In Button, he extrapolates an idea that first appeared in a Mark Twain essay and then in a same-titled trifle of a magazine short story by F. Scott Fitzgerald. From his home in Malibu, Roth opened up during an in-depth conversation about subjects ranging from his unorthodox drafting technique to the profound personal losses that visited him while writing this script and informed its themes.

Was the scope and timeframe of this narrative as similar to Forrest Gump as it seems?

I guess you could say that, but you could also probably say Ali is like that. I think it’s not inaccurate, but this is really from cradle to grave and Forrest Gump isn’t. It was certainly from a boy to a man.

Let me ask it this way: to what extent was the scope reminiscent of work you’ve done before, or was it a pretty singular experience?

I tried to make it singular, let’s put it that way. What ever is reminiscent is not by design.

Right, and I don’t mean to say that...

No, no, I think it’s a fair question because obviously I created both, so I’m bringing something with me. There’s probably some similarity in style, but I think they’re very different movies. I think Benjamin deals with different subjects.

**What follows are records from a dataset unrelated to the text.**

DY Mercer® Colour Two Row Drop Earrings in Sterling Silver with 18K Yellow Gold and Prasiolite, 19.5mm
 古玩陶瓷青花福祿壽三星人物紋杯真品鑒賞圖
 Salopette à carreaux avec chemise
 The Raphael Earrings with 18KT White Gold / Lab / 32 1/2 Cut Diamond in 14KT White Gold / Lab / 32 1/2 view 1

Photo: © 2008 Paramount Pictures Corporation and Warner Bros. Entertainment
Julia Ormond [right] and Cate Blanchett in The Curious Case of Benjamin Button.
What is this story about to you?

I think it’s a look at mortality in a way, the natural qualities of life and death. There’s nothing really extraordinary about his life except for the fact that it’s extraordinary because he ages backwards. He’s sort of an ordinary man in extraordinary circumstances.

Other than being a novelty, what does the fact that he ages backwards mean? What does it do to the story?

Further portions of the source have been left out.